Jesus speaks of a "new commandment". But what is new about it? In the Old Testament, God had already given the commandment of love; but this commandment has become new now because Jesus makes a very important addition to it: "As I have loved you, that you also love one another". What is new is precisely this "loving as Jesus loved". All our loving is preceded by his love and refers to this love, it fits into this love and is achieved precisely through this love. The Old Testament did not present any model of love; it only formulated the precept of love. Instead, Jesus gave himself to us as a model and source of love a boundless, universal love that could transform all negative circumstances and all obstacles into opportunities to progress in love.
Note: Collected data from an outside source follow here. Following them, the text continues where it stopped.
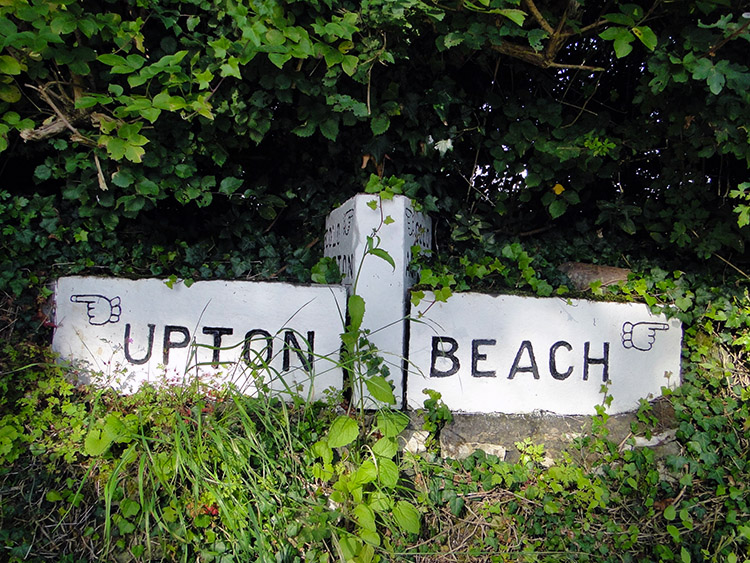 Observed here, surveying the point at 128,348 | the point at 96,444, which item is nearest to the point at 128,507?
the point at 96,444

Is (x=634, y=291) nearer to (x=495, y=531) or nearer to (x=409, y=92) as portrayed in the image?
(x=495, y=531)

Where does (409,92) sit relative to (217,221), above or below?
above

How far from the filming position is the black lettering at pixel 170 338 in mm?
2756

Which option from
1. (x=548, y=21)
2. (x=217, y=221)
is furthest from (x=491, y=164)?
(x=217, y=221)

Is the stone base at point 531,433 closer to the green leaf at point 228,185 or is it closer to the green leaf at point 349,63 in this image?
the green leaf at point 228,185

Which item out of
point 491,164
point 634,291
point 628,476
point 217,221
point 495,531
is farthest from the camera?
point 491,164

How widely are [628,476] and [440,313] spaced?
1312 millimetres

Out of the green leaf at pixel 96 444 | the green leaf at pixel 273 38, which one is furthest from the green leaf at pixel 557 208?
the green leaf at pixel 96 444

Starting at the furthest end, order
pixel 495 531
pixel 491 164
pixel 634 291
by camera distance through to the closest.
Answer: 1. pixel 491 164
2. pixel 634 291
3. pixel 495 531

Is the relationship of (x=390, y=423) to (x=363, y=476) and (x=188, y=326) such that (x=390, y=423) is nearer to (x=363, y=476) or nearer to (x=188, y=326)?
(x=363, y=476)

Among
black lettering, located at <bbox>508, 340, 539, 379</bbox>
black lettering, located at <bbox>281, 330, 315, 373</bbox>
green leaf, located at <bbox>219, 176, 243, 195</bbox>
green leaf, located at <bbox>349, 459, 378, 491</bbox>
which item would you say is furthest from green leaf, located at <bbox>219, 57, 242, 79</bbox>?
black lettering, located at <bbox>508, 340, 539, 379</bbox>

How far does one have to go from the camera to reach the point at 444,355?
2773 mm

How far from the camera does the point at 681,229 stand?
10.0 feet

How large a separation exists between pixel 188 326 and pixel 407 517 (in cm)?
154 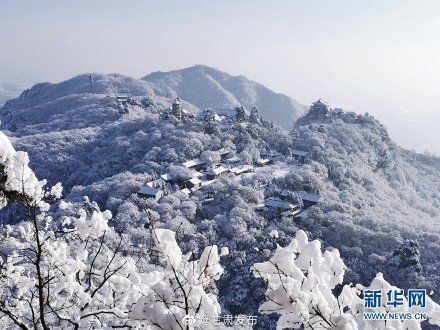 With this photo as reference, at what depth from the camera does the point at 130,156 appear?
4609 centimetres

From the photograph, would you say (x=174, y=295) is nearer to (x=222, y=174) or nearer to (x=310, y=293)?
(x=310, y=293)

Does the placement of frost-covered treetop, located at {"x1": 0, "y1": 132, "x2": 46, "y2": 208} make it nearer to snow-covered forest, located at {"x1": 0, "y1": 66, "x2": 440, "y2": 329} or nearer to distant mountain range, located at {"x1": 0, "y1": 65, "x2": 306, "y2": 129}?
snow-covered forest, located at {"x1": 0, "y1": 66, "x2": 440, "y2": 329}

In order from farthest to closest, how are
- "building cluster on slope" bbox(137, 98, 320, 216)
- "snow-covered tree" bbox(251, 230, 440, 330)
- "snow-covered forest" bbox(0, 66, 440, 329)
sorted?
"building cluster on slope" bbox(137, 98, 320, 216), "snow-covered forest" bbox(0, 66, 440, 329), "snow-covered tree" bbox(251, 230, 440, 330)

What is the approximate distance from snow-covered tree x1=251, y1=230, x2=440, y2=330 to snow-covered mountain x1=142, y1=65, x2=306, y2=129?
126358 millimetres

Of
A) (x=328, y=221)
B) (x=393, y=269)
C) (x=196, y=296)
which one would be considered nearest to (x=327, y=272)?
(x=196, y=296)

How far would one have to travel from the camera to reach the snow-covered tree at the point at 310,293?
2811 mm

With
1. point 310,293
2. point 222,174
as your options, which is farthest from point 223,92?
point 310,293

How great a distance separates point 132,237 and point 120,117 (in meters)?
42.5

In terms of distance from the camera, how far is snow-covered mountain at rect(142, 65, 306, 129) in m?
140

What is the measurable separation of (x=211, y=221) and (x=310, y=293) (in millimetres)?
27291

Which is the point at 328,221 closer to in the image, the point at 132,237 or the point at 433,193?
the point at 132,237

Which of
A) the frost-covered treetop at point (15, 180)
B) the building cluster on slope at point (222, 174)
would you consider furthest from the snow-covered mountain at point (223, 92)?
the frost-covered treetop at point (15, 180)

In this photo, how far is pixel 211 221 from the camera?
2995 cm

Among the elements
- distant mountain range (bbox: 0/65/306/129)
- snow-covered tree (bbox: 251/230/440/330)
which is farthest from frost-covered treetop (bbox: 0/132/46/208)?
distant mountain range (bbox: 0/65/306/129) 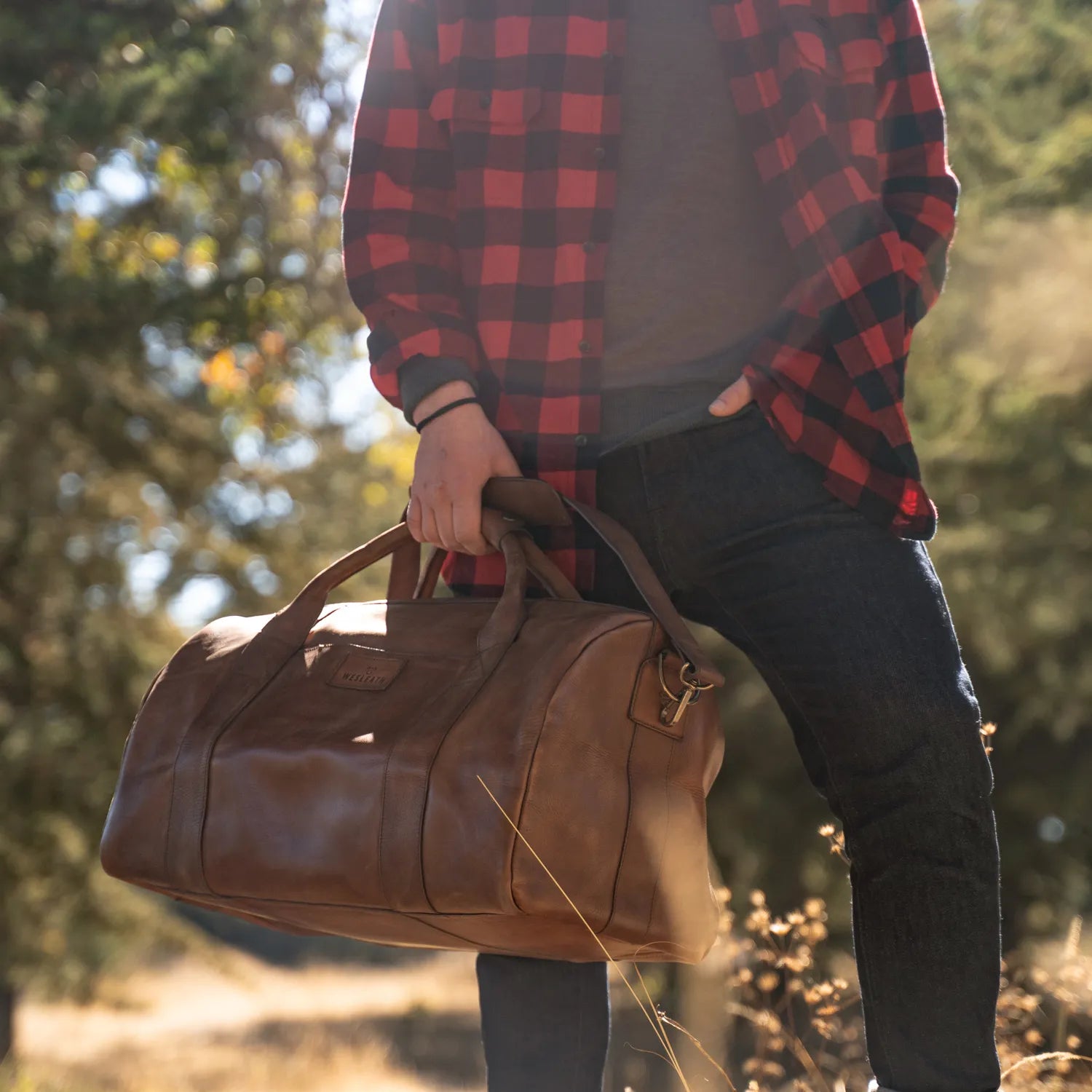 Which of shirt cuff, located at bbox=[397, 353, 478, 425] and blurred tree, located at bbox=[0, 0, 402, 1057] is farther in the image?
blurred tree, located at bbox=[0, 0, 402, 1057]

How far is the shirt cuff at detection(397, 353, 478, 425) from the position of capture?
1599 mm

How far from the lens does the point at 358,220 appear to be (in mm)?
1708

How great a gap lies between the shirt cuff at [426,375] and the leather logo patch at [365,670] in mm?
315

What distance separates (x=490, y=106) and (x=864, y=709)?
0.95 meters

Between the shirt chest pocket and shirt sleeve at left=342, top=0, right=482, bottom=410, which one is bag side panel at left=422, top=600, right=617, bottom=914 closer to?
shirt sleeve at left=342, top=0, right=482, bottom=410

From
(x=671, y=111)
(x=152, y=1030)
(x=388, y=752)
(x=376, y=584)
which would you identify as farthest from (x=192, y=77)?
(x=152, y=1030)

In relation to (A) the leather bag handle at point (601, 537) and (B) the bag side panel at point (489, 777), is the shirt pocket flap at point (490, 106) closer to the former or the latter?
(A) the leather bag handle at point (601, 537)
And in this City's Saints we see the fulfilment of this love, always from the source of Jesus' love.

In past centuries, the Church in Turin had a rich tradition of holiness and generous service to the brethren as both the Cardinal Archbishop and Mr Mayor pointed out thanks to the work of zealous priests and men and women religious of both active and contemplative life and faithful laypeople. Jesus' words thus acquire a special resonance for this Church of Turin, a generous and active Church, beginning with her priests. In giving us the new commandment, Jesus asks us to live his own love and on his own love, which is the truly credible, eloquent and effective sign for proclaiming the coming of the Kingdom of God to the world. Clearly, with our own strength alone we are weak and limited. In us there is always a resistance to love and in our existence there are very many difficulties that cause division, resentment and ill will. However, the Lord promised us that he would be present in our lives, making us capable of this generous, total love that can overcome all obstacles, even those in our own hearts. If we are united to Christ, we can truly love in this way. Loving others as Jesus loved us is only possible with that power which is communicated to us in the relationship with him, especially in the Eucharist, in which his Sacrifice of love that generates love becomes really present: this is the true newness in the world and the power of a permanent glorification of God who is glorified in the continuity of the love of Jesus in our love.
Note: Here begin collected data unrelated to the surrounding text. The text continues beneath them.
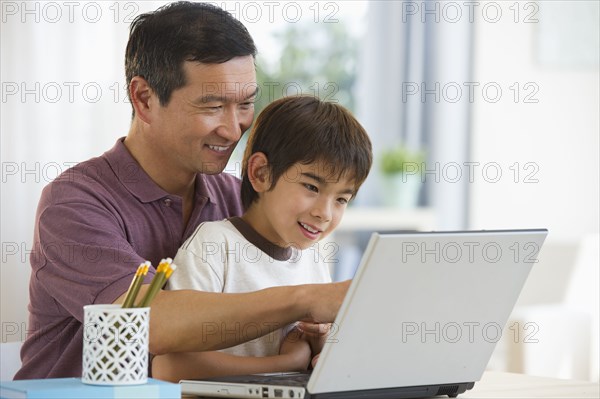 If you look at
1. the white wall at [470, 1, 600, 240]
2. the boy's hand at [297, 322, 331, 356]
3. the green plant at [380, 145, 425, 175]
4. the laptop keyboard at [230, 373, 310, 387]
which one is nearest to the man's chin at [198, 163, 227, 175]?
the boy's hand at [297, 322, 331, 356]

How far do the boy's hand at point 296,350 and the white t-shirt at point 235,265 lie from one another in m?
0.03

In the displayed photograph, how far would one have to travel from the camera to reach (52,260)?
159cm

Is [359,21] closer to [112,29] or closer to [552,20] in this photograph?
[552,20]

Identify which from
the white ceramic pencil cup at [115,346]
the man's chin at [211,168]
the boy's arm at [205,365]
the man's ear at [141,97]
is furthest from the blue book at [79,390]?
the man's ear at [141,97]

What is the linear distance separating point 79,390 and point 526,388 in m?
0.74

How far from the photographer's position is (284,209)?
154 centimetres

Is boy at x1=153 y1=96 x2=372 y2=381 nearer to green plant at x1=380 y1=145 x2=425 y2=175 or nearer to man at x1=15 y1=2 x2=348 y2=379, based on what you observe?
man at x1=15 y1=2 x2=348 y2=379

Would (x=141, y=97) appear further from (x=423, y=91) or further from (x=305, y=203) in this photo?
(x=423, y=91)

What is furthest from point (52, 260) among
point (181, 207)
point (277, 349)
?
point (277, 349)

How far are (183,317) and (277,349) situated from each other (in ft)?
0.81

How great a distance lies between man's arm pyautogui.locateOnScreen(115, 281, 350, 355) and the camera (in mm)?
1310

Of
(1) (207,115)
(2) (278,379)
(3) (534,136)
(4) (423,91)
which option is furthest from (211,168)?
(4) (423,91)

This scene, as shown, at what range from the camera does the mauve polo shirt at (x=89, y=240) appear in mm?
1514

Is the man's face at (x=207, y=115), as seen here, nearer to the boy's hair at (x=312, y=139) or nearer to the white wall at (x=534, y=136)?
the boy's hair at (x=312, y=139) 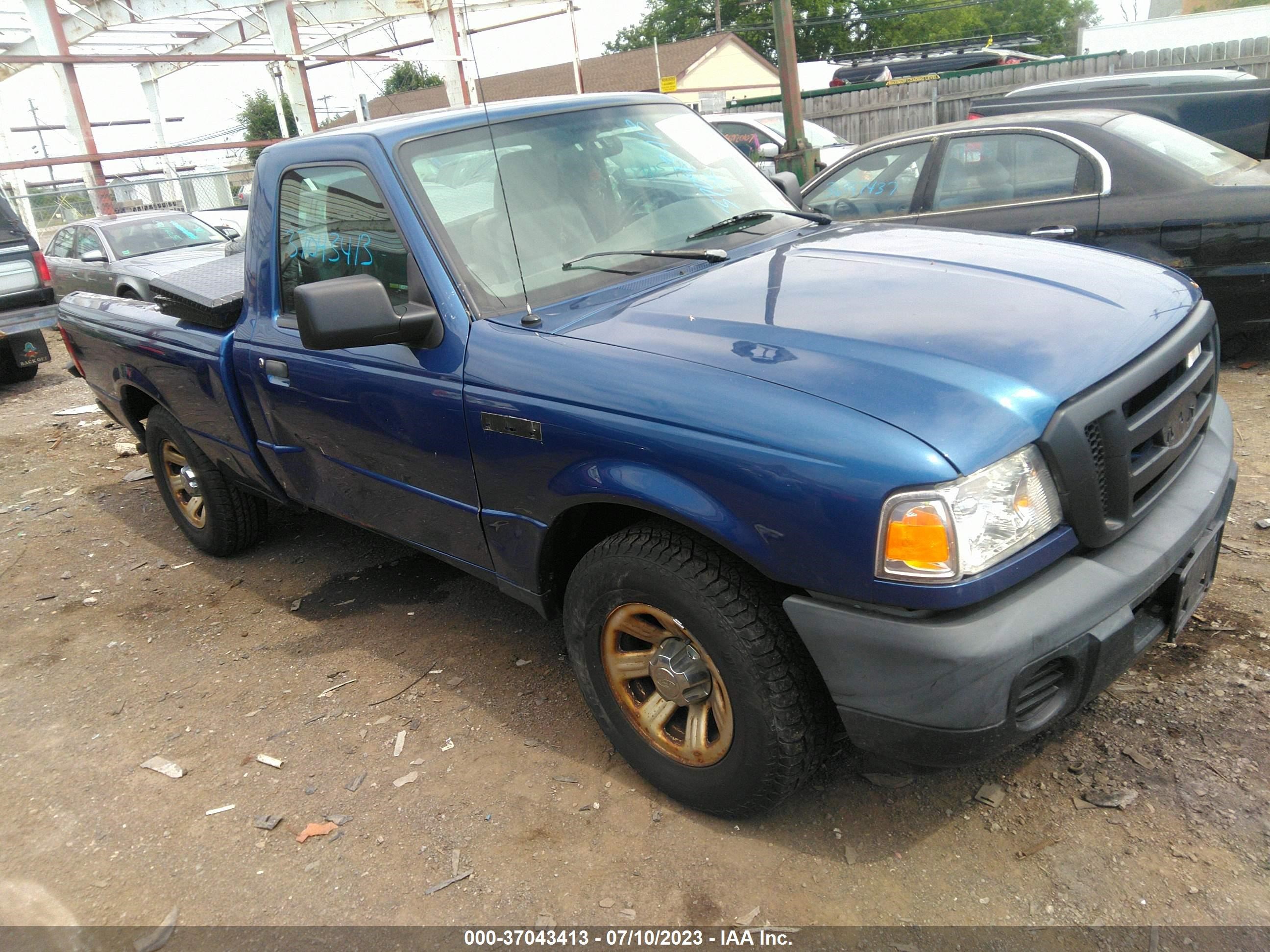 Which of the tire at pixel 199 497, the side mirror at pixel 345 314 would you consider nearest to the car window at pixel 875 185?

I would therefore like to say a word of encouragement especially to the Priests and Deacons of this Church, who dedicate themselves generously to pastoral work, as well as to the men and women Religious. Being a labourer in the Lord's vineyard can sometimes be tiring, duties increase, there are so many demands and problems are not lacking: may you be able to draw daily from this relationship of love with God in prayer the strength to transmit the prophetic announcement of salvation; refocus your existence on what is essential in the Gospel; cultivate a real dimension of communion and brotherhood in the presbyterate, in your communities, in your relations with the People of God; bear witness in your ministry to the power of love that comes from on high, that comes from the Lord present in our midst.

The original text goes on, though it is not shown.